By analyzing existing cross correlation between Global Electrical Technology and Military Insurance Corp, you can compare the effects of market volatilities on Global Electrical and Military Insurance and check how they will diversify away market risk if combined in the same portfolio for a given time horizon. You can also utilize pair trading strategies of matching a long position in Global Electrical with a short position of Military Insurance. Check out your portfolio center. Please also check ongoing floating volatility patterns of Global Electrical and Military Insurance.
Diversification Opportunities for Global Electrical and Military Insurance
0.36 | Correlation Coefficient |
Weak diversification
The 3 months correlation between Global and Military is 0.36. Overlapping area represents the amount of risk that can be diversified away by holding Global Electrical Technology and Military Insurance Corp in the same portfolio, assuming nothing else is changed. The correlation between historical prices or returns on Military Insurance Corp and Global Electrical is a relative statistical measure of the degree to which these equity instruments tend to move together. The correlation coefficient measures the extent to which returns on Global Electrical Technology are associated (or correlated) with Military Insurance. Values of the correlation coefficient range from -1 to +1, where. The correlation of zero (0) is possible when the price movement of Military Insurance Corp has no effect on the direction of Global Electrical i.e., Global Electrical and Military Insurance go up and down completely randomly.
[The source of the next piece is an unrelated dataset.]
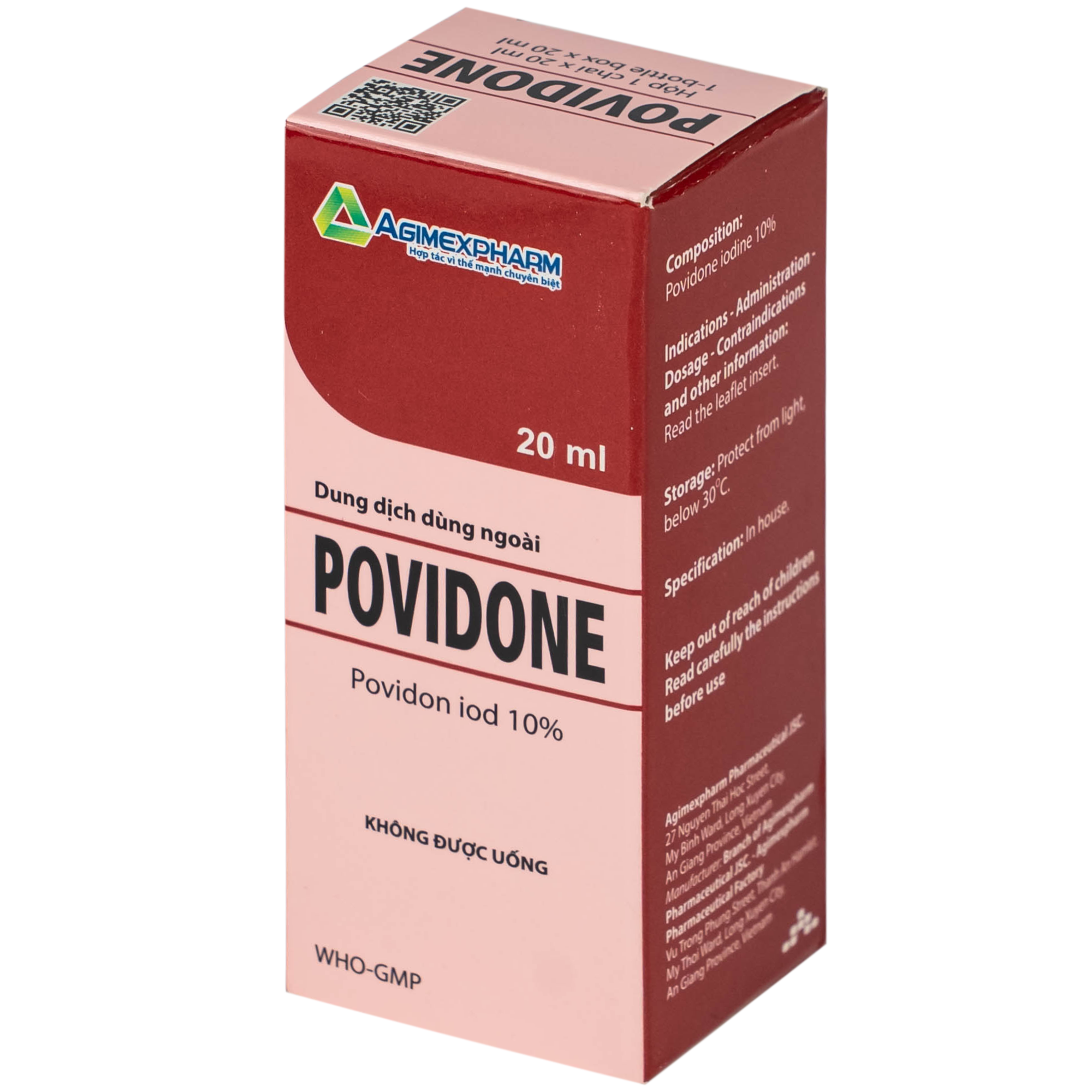 Hình ảnh Povidone 10% Agimex 20ML sát trùng vết thương hay phẫu thuật, vết loét sâu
Pair Corralation between Global Electrical and Military Insurance
Assuming the 90 days trading horizon Global Electrical Technology is expected to generate 2.73 times more return on investment than Military Insurance. However, Global Electrical is 2.73 times more volatile than Military Insurance Corp. It trades about 0.06 of its potential returns per unit of risk. Military Insurance Corp is currently generating about 0.02 per unit of risk. If you would invest 1,754,774 in Global Electrical Technology on September 2, 2024 and sell it today you would earn a total of 895,226 from holding Global Electrical Technology or generate 51.02% return on investment over 90 days.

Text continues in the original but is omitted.